---------- Data for this task ----------

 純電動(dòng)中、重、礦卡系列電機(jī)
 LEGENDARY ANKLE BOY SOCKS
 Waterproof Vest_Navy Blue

----------
---------- Data for this task ----------

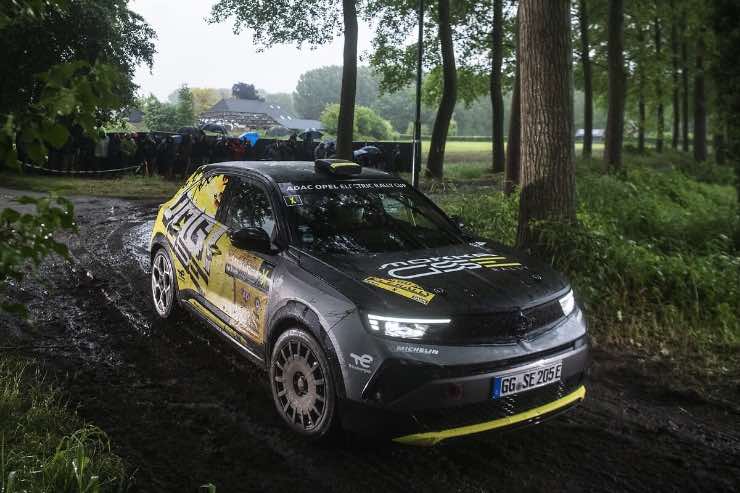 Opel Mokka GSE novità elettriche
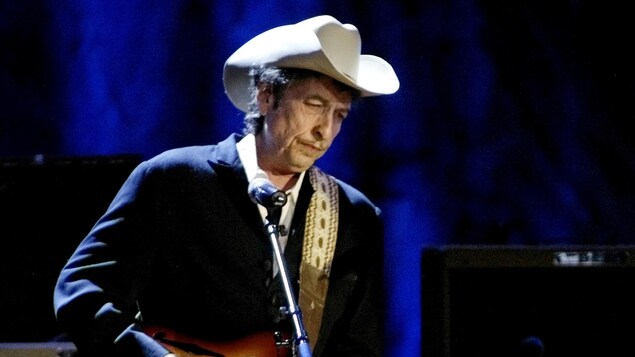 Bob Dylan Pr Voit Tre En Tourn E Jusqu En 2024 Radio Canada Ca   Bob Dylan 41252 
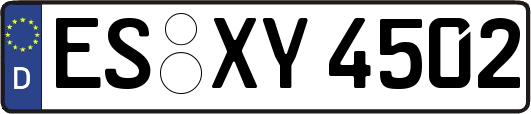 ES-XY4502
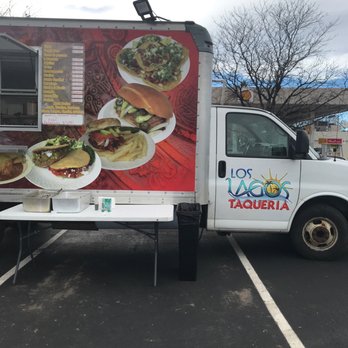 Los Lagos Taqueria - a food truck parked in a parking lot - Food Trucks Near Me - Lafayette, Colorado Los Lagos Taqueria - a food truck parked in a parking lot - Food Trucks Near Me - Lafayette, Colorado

----------

- [Task instructions] Once the line with "Bob Dylan Pr" is found above, transcribe each line from it through the line with "Lafayette, Colorado Los", exactly, and omit the pictures.

- [Solution below]
 Bob Dylan Pr Voit Tre En Tourn E Jusqu En 2024 Radio Canada Ca   Bob Dylan 41252 
 ES-XY4502
 Los Lagos Taqueria - a food truck parked in a parking lot - Food Trucks Near Me - Lafayette, Colorado Los Lagos Taqueria - a food truck parked in a parking lot - Food Trucks Near Me - Lafayette, Colorado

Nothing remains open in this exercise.